Whether they can discover an opponent who can energise the US voting public enough to oust ‘The Donald’ seems unlikely, but a lot can happen before the election really starts.
You may think betting on politics is no way to win money, but in a turbulent world surprises in the political sphere are more regular than you may think.
Political Betting History
Political betting goes back around 200 years in the US, with organized markets for betting on presidential elections recorded as early as the 1860s. Over $165m was wagered in the 1916 election and betting activity at times dominated transactions in the stock exchanges on Wall Street.
The markets proved an accurate way of predicting election results before the introduction of opinion polls in the mid-1930s; after this, the intensity of political betting diminished as gamblers found other markets to bet on.
Betting on political outcomes used to be considered illegal in the US under federal and most state laws. However, the decision to shut down the Professional and Amateur Sports Protection Act, PASPA, in 2018 opened up the prospect of legalized betting on all markets.
It may have become unfashionable in the US, but political betting remains very popular across the world – the British particularly keen bettors on their own elections and the American’s.
With seemingly every Democratic senator under the sun ready to throw his or her hat in the ring for 2020, there is sure to be value in an outsider making it through to the face-to-face fight with President Trump.
The early indicators were that former vice-president Joe Biden would be the front runner for the Democratic nomination; many pundits predicting a fight of the 70-somethings with veteran of the 2016 campaign Bernie Sanders.
But the star of the early Democratic TV debates was Kamala Harris, the California senator taking the fight to Biden.
She is trading at around 7.0, or 6/1, with Biden at 8.0, Massachusetts senator, Elizabeth Warren, at 9.0, and Sanders at 15.0 to become the 45th American President. But they’ll all have to perform impressively over the next 12 months to challenge Trump, the incumbent currently trading at 2.0, or evens.
If you’re looking at who’ll win the Democratic nomination Harris is 4.0 and Biden 5.5.
US Politics Betting
With the US presidential race, the two main bets are the outright winner and also the popular vote bet. Last time round Trump won the presidency but Hillary Clinton won the popular vote.
Closer to the actual election there will also be odds on specific states; markets that are always worth keeping an eye on. Check out polling in particular states where, e.g., a major business may have folded leading to big job losses, or financial investment has been secured for a major development. States that have not received the boost that was promised four years ago may turn against Trump, and some may turn towards the president after seeing a notable upward economic turn.
Betting sites may also offer quirky bets on the presidential debates like how many times Trump may use a particular phrase, like ‘Keep America Great’.

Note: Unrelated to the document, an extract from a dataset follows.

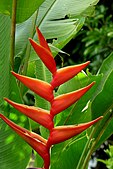 Heliconia foreroi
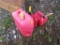 Gas Cans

In-play betting is growing increasingly popular and some gambling sites will offer political odds after voting has started. In-play betting will allow you to see how the election develops before making your selection. In-play betting is becoming more available in the US with states lining up to follow the likes of New Jersey, Delaware, Montana and Pennsylvania to offer the service.
Away from the US, Britain is in the midst of a political whirlwind thanks to their current Brexit problems. The public voted in favour of leaving the European Union economic grouping, the ramifications causing major political turmoil.
A general election could occur at any time and a party that wasn’t in existence a few months ago is riding high in the polls. President Trump’s pal Nigel Farage is the leader of the Brexit Party and they are trading at 8.0 to win most seats at the next British General Election.
At the moment you cannot bet on the US politics from the United States as no sportsbooks offer gambling markets and odds yet.